Your copy of the data below must be exact and must leave out all pictures.

*** Opening of Source material ***

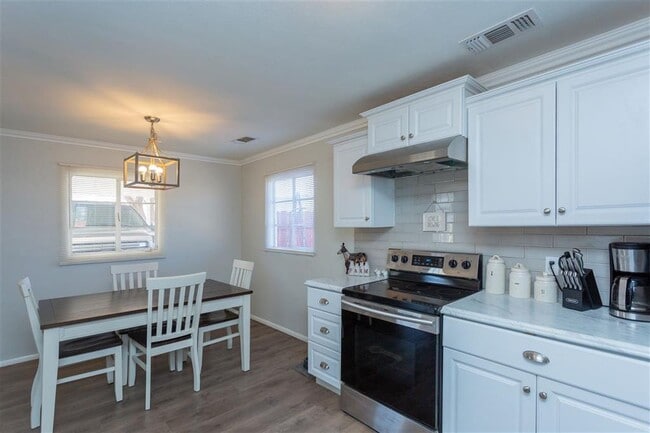 Photo - 7 Oak Dr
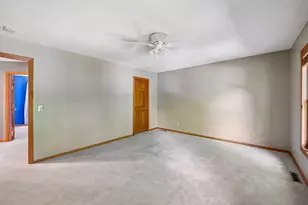 561 Bighorn Dr, Chanhassen, MN 55317 - Photo 47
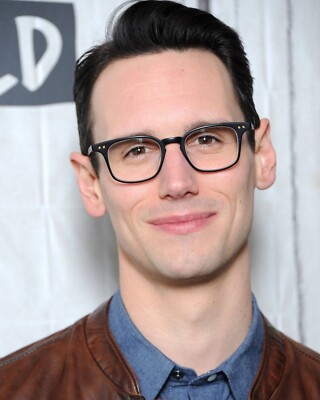 CORY MICHAEL SMITH  8x10 PHOTO *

*** Close of Source material ***

#### [Exercise result]
 Photo - 7 Oak Dr
 561 Bighorn Dr, Chanhassen, MN 55317 - Photo 47
 CORY MICHAEL SMITH  8x10 PHOTO *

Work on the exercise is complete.